RCCG now wants to build another camp. I would like to use this medium to appeal to anyone who knows the location of the proposed camp to kindly let me know where it is. I honestly would love to buy some acres now because I am sure of atleast 500% increase within a period of five years minimum.
Speaking seriously, building another camp will only mean one thing – and that is more development. This implies more construction. And we must not forget that construction companies will be involved, homes and other associated employment generating activities will be rejuvenated, which would have a positive impact on the economy.
It has also been argued that churches build universities that most of their members cannot afford for their children. This is also true, but again the danger of a single story comes into play because the fee charged by the schools is only one part of the story.
Looking at the entire story, there is nowhere in the world where good qualitative education comes cheap. Has anyone asked why ASUU is constantly on strike as they are currently on now?
A while back, the Head of the Nigerian Universities Commission (NUC) made a shocking revelation that the amount of money Nigerians spend on University Education in Ghana yearly is much more than what the Federal Government allocates to education. This is a food for thought considering the fact that we are not even talking about how much Nigerians spend in the UK, US, Canada and other Western and surprisingly Asian countries. The reality is that the problem is a lot deeper than that, and we may not be doing justice, if we simply accuse Christian schools of charging exorbitant fees.

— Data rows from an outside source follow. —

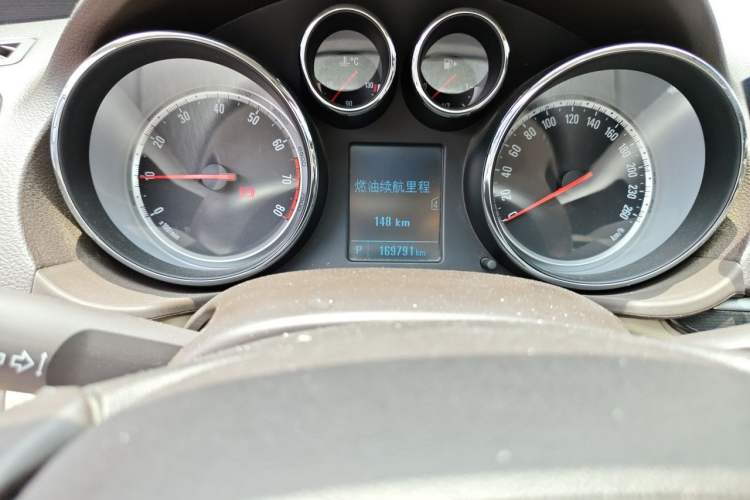 Used Buick Regal 2014 2.0L Leading Fashion Edition Odometer Close Up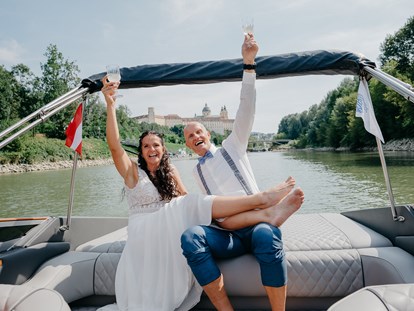 Hochzeit - Frühlingshochzeit - Wir organisieren gerne als besonderes Highlight eine Bootsfahrt mit unserem hauseigenen Boot - Schloss Luberegg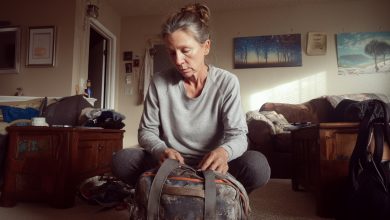 Znalazłam w torbie mojego męża – woźnego, prawdziwą fortunę. Jego wyjaśnienie zmieniło wszystko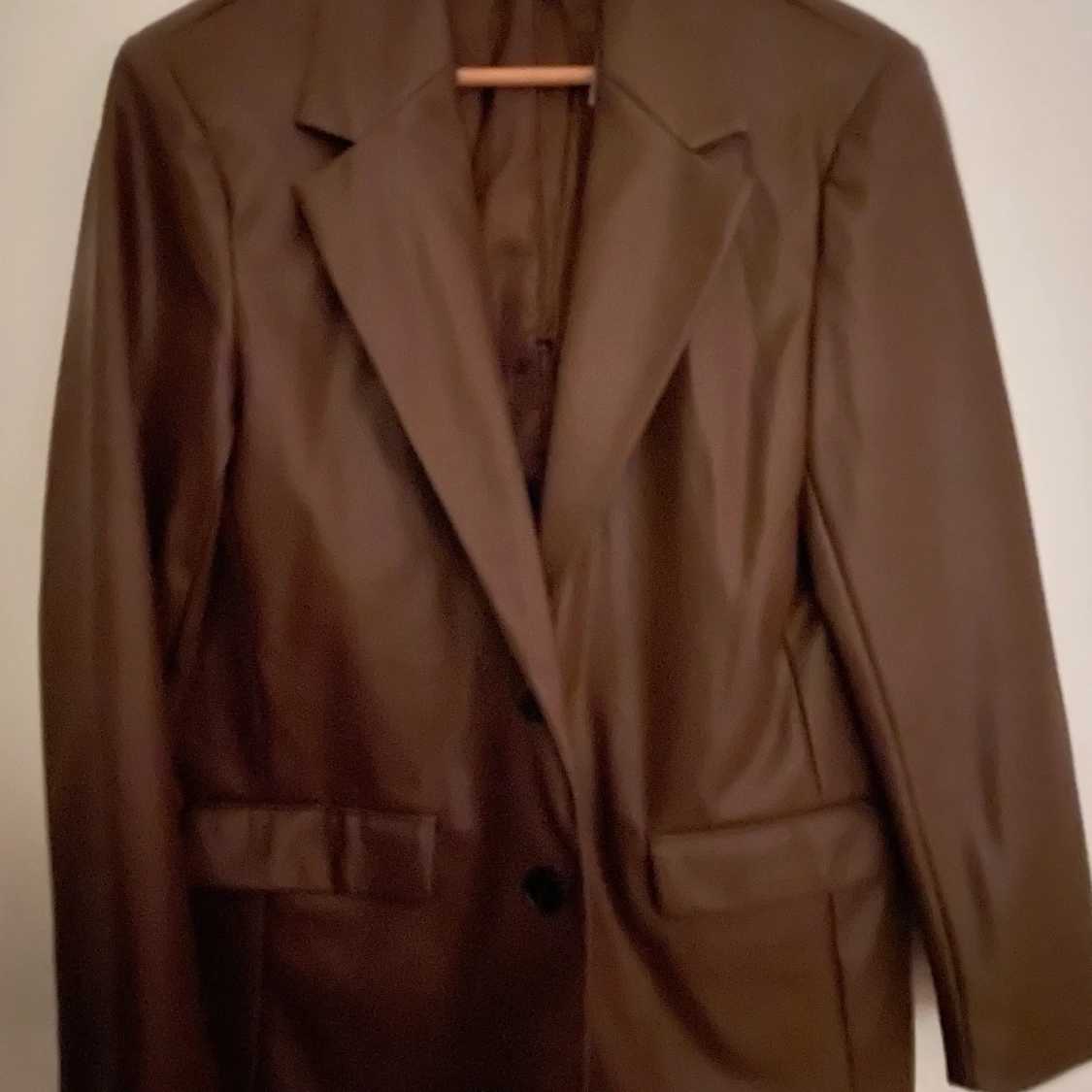 Brun skinnblazer  - 91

Renowned legal luminary, Afe Babalola offered an insight into what it takes to run a university in a report in 2011. As Pro-Chancellor of Unilag, a research was done and it was discovered that about N4.5million would be required to train a university undergraduate properly even in a government funded school. Today, Afe Babalola University, as an example, runs on seven generators, each with a capacity of 500KVA providing 24hour power supply. I can imagine how much private university spend on power alone, not to talk about attracting qualified professors (http://www.vanguardngr.com/2011/02/you-will-need-not-less-than-n4-5m-to-train-any-student-in-varsity-—-afe-babalola/).
Yet we expect education to be cheap, and accuse churches. In my view, this problem is much deeper.
This is a problem much deeper than we admit, and everyone needs to proffer solutions that can lead to a drop in the cost of quality education in our country.
At this risk of making this write up an epistle, I will stop here. But I will be doing an injustice to Pastor Adeboye if I fail to talk about the unique qualities and achievement of this great man. Pastor Adeboye has received honorary citizenship and keys to three cities in the US including Cambridge Massachusetts, Dallas Texas and Baltimore Maryland. Pastor Adeboye led the Pre-Summit Prayers at the 64th General Assembly of the United Nations, Headquarters, New York. Pastor Adeboye was named one of ‘The World’s Fifty Most Powerful People’ by Newsweek Magazine (USA) in 2009. Amongst several unannounced philanthropic endeavors’, Pastor Adeboye actively supports the development of table tennis in Nigeria with the yearly E.A Adeboye Table Tennis championship culminating in a National Sports Honour and Award in 2010, as the Spritual Pillar of Nigeriam Sports. All this is in addition to being the spiritual adviser and guide to many heads of governments across the world.
Singlehandedly, Daddy GO has succeeded where government has failed even when appraised on the physical perspective. Yet rather than being celebrated, the revered man of God is being vilified. I am however happy, that even though many in Nigeria do not honour this Prophet of God, the whole world acknowledges that Daddy GO is a man whose God is Jehovah Almighty.